Solar power footprints in Nigeria has been slow but progressive, indicating its gradual and encouraging acceptance in the country, the minister of power, Mr. Babatunde Fashola, has said.
Speaking at the third edition of the annual National Council on Power (NACOP) in Jos, Plateau State, Fashola, stated that the advancement in solar footprints in Nigeria was propelled by individual efforts as well as that of government.
“The solar foot print is growing slowly but surely, not just because of what the FGN is doing but because of what Nigerians are doing in their states,” said Fashola in his opening remarks.
According to him, the government has recognised the need to promote power generation through solar sources, and in this regards accorded it a significant place in its recently approved Power Sector Recovery Programme (PRSP).
The PRSP, he explained would support and sustain developments in solar power and renewable energy sectors of the country.
He said: “Our role as governmental institutions at federal and state levels is to implement the laws, enunciate policies and take actions that help the private sector play its part effectively.
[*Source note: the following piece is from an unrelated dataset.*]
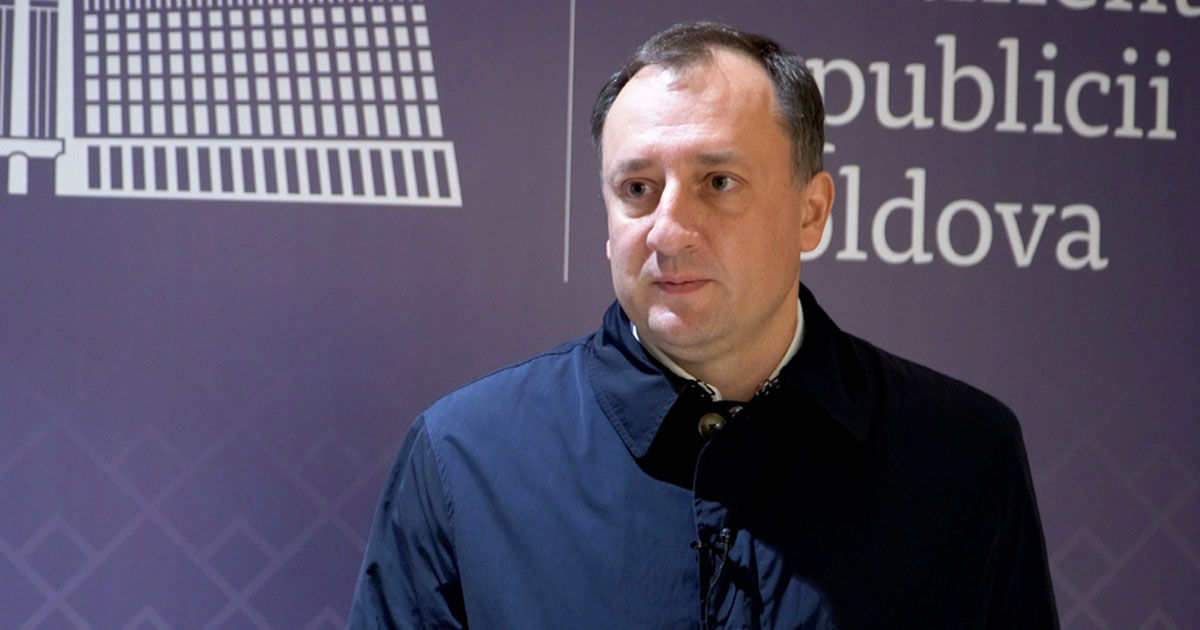 Fostul deputat al Partidului Șor, Denis Ulanov, a refuzat să depună mărturii pe cazul lui Plahotniuc.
“Our roles in this regard are well set out in the Electric Power Sector Reform Act 2005 pursuant to which the privatisation of the power sector took place. The issuance of mini-grid regulations by NERC in August of 2017 to allow people provide their own power from 1KW-1 MW and ease the pressure on grid distributed power and improve access to power is a requirement of section 62(2) of the law.”
“The constitution of the board and management of the Rural Electrification Agency by President Buhari in March 2017, to deepen access of rural communities to power and champion deployment of solar power is in accordance with section 88(1)-(4) of the law.
“These are some of the reform actions contained in the Power Sector Recovery Programme being undertaken at federal government level,” Fashola added.